Monday, November 21, 2016

Saint Catherine of Alexandria, Part I -- An Introduction

Vicente Carducho, Saint Catherine of Alexandria
Spanish, End of 16th-First Third of 17th Century
Madrid, Museo Nacional del Prado
This image has nearly all of Catherine's attributes.  She wears a 
crown,carries a martyr's palm and a sword, At her left side is the 
broken wheel and at her feet, the head of Emperor Maximian. 
Missing is the book.
Anyone who has had any exposure to European art of the middle ages through the Baroque period has probably encountered pictures or statues of Saint Catherine of Alexandria.  She was one of the most popular saints during those periods.  Images of her life, both those that are likely to have been real and those that are likely to have been invented, abound in every country of Christian Western Europe as well as from the Byzantine Empire.  There is so much material to work with that I find I must spread these blog reports over several days in order to do a half-way decent job of explaining her iconography, which is fascinating.


The “facts” of Catherine’s life have been disputed.  Some scholars claim that she never existed at all and that her entire story is an invention.  Other scholars claim that the life and death of a real woman lies at the base of the story.  Still others suggest that her “life” is actually a pastiche of several remembered lives.  

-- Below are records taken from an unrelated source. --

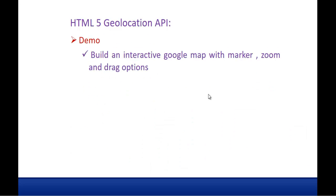And in this session what we are going to do is we are going to learn a demo where we are going to build an interactive Google map with the marker, zoom and drag options.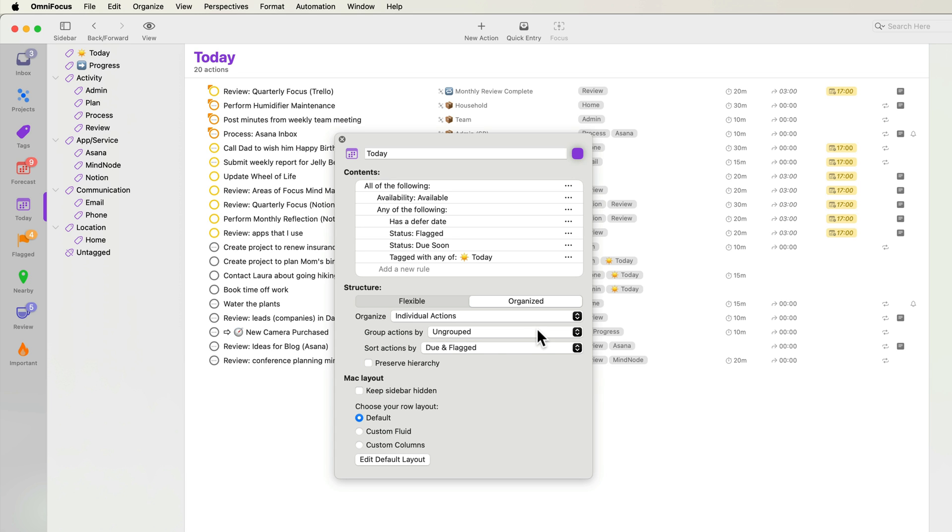Under Mac layout, I can choose whether the sidebar is hidden by default. I'll keep it visible for this perspective as it's very helpful to be able to filter by tag. As is the case with other perspectives, I can opt to use the default row layout or choose a custom fluid or column layout. The row layout applies to this and any other Macs I use. Custom settings I configure on the Mac won't impact the iPhone and iPad.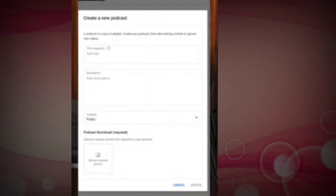If you have a video, you can download the video. Once you have uploaded, click the interface. Create a new podcast with a title, description, and public comment.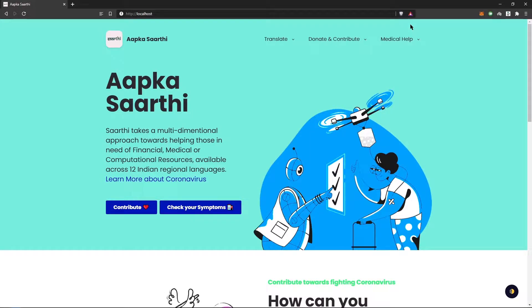Hi, welcome to Saarthi. Saarthi takes a multi-dimensional approach towards helping those in need of financial, medical, or computational resources. It's built on the RSK network. Let's get started.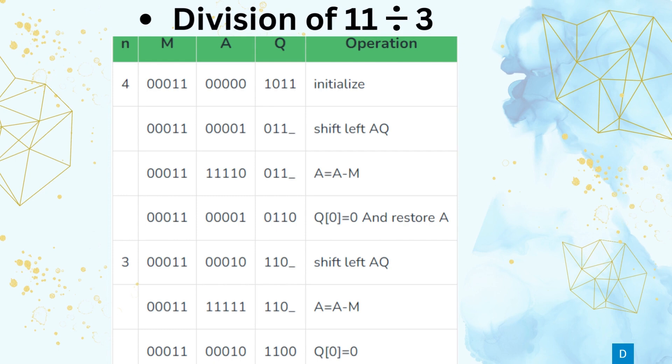First, we shift left AQ. The LSB of Q is written as dash after the shift left operation. Then the operation A = A − M is performed, equivalently A = A + 2's complement of M; any carry generated is ignored. Looking at the MSB of A, it is 1. Hence, Q0 (LSB of Q) is set to 0 and A is restored. The counter N is decremented by 1 and now has the value 3.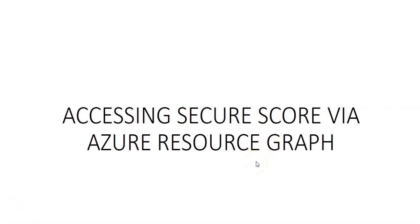Hi, my name is Ashish, and in this video we will see accessing secure score via Azure Resource Graph. Azure Resource Graph provides an efficient and performant resource exploration with the ability to query at scale across a given set of subscriptions.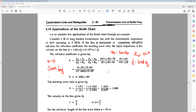We need to calculate the reflection coefficient, the standing wave ratio S, and the input impedance Zin, given that the velocity on the line is V = 0.6c, where c is 3×10⁸ meters per second. By using this example, you have to find a few applications of the Smith chart.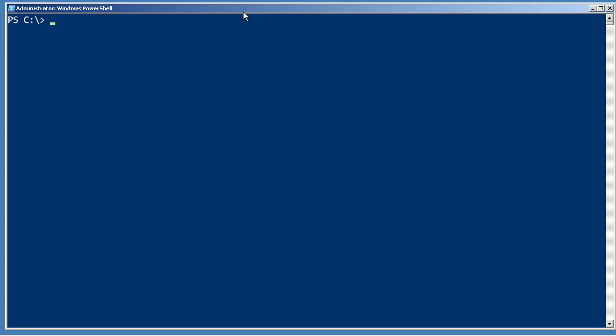To output your script's actual intended output, its results, you're going to use a command called write-output, which can just be aliased as write. Now, this actually puts things into the pipeline.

My personal belief is that there is probably a kernel of truth at the base of her story and that it is indeed the memory of one extraordinary woman martyr that forms that kernel.  As one scholar suggests:

“There seems every likelihood, …, that a real woman connected with Alexandria, whose name may have been Katharine, made some gesture during the period of the martyrdoms which caught the folk imagination and lived orally among Greek-speaking Christian congregations in the Near East and Southern Italy, her story taking on more and more the "einfache Form" of Legende toward the eighth century.”1


Traditionally, Catherine (or Katherine) is believed to have been killed during the persecution of Diocletian in 305.  According to the tradition as it finally developed, she was a princess, daughter of a “king” at Alexandria named, Custas or Custos and his wife, Sabinelle.  She had been born a pagan, had been well educated by her father and mother and was, in addition, very beautiful.  She had been converted and baptized as a teenager by a hermit named Adrian. 
 
 
Master of the Beatus of San Andres de Arroyo, Saint Catherine of Alexandria
Detached page from the Legenda aurea of Jacob de Voragine
Spanish, 1265-1300
Paris, Musée de Cluny, Musée national du Moyen Age
MS Cl.

  Shortly after her baptism she had a vision in which the Blessed Virgin offered her a choice of male saints as spouses.  On Catherine’s rejection of them as not worthy of her hand, Christ Himself appeared and placed a ring on her finger, wedding her as his virgin bride.  

Bust of Saint Catherine
East Tyrol, 1265-1270
Matrei, Church of St. Nicholas

Shortly thereafter she was lustfully sought after by the Emperor Maximian (co-emperor with Diocletian and father of Constantine’s eventual rival, Maxentius, with whom he is sometimes confused).  In some versions of the story he seeks her for himself.  In other versions he seeks her for his son, Maxentius.  Having decided on a life of Christian virtue with her virginity dedicated to Christ as her husband, Catherine resisted.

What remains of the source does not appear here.